Identifiers, which serve as names for various entities, are linguistic in nature and must permit a variety of characters to properly serve non–English-speaking coders. This issue has been considered by the communities of many programming languages already, and the Unicode Consortium has published recommendations on how to choose identifier character sets — Swift should make an effort to conform to these recommendations.

Operators, on the other hand, should be rare and carefully chosen, because they suffer from low discoverability and difficult readability. They are by nature symbols, not names. This places a cognitive cost on users with respect to both recall ("What is the operator that applies the behavior I need?") and recognition ("What does the operator in this code do?"). While almost every nontrivial program defines many new identifiers, most programs do not define new operators.

As operators become more esoteric or customized, the cognitive cost rises. Recognizing a function name like formUnion(with:) is simpler for many programmers than recalling what the ∪ operator does. Swift's current operator character set includes many characters that aren't traditional and recognizable operators — this encourages problematic and frivolous uses in an otherwise safe language.

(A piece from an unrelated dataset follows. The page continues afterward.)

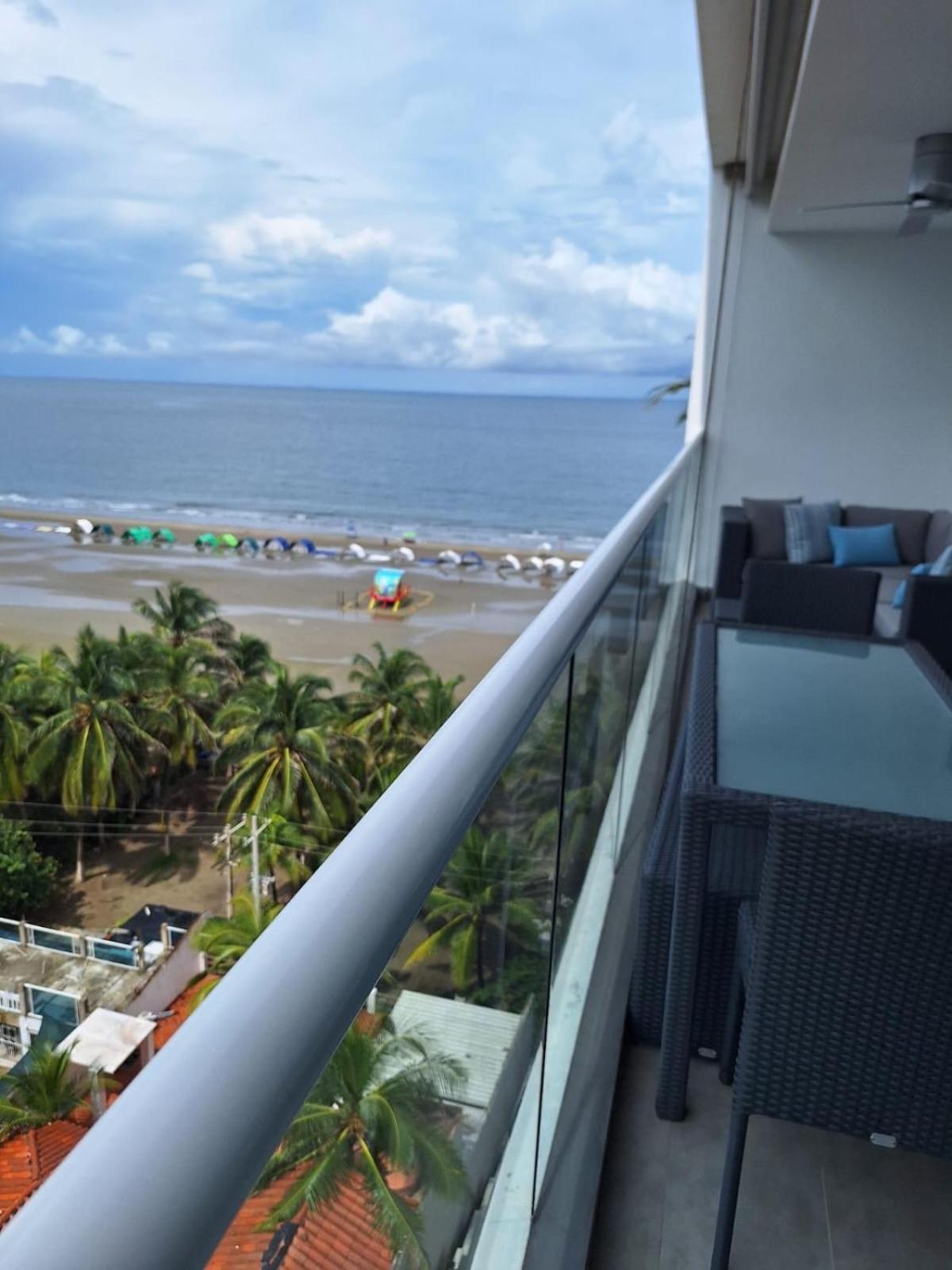 Hermoso apartamento con vista al mar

Today, there are many discrepancies and edge cases motivating these changes:

· is an identifier, while • is an operator.
The Greek question mark ; is a valid identifier.
Braille patterns ⠟ seem letter-like, but are operator characters.
:slightly_smiling_face::metal::arrow_forward:️:small_airplane:🂡 are identifiers, while :frowning:️:v:️:arrow_up_small::airplane:️:spades:️ are operators.
Some non-combining diacritics ´ ¨ ꓻ are valid in identifiers.
Some completely non-linguistic characters, such as ۞ and ༒, are valid in identifiers.
Some symbols such as ⚄ and ♄ are operators, despite not really being "operator-like".
A small handful of characters 〡〢〣〤〥〦〧〨〩 〪 〫 〬 〭 〮 〯 are valid in both identifiers and operators.
Some non-printing characters such as 2064 INVISIBLE PLUS and 200B ZERO WIDTH SPACE are valid identifiers.
Currency symbols are split across operators (¢ £ ¤ ¥) and identifiers ($ ₪ € ₱ ₹ ฿ ...).
This matter should be considered in a near timeframe (Swift 3.1 or 4) as it is both fundamental to Swift and will produce source-breaking changes.

<https://github.com/jtbandes/swift-evolution/blob/unicode-id-op/proposals/NNNN-refining-identifier-and-operator-symbology.md#precedent-in-other-languages>Precedent in other languages

Haskell distinguishes identifiers/operators by their general category <http://www.fileformat.info/info/unicode/category/index.htm> such as "any Unicode lowercase letter", "any Unicode symbol or punctuation", and so forth. Identifiers can start with any lowercase letter or _, and may contain any letter/digit/'/_. This includes letters like δ and Я, and digits like ٢.

Haskell Syntax Reference <https://www.haskell.org/onlinereport/syntax-iso.html>
Haskell Lexer <https://github.com/ghc/ghc/blob/714bebff44076061d0a719c4eda2cfd213b7ac3d/compiler/parser/Lexer.x#L1949-L1973>
Scala similarly allows letters, numbers, $, and _ in identifiers, distinguishing by general categories Ll, Lu, Lt, Lo, and Nl. Operator characters include mathematical and other symbols (Sm and So) in addition to other ASCII symbol characters.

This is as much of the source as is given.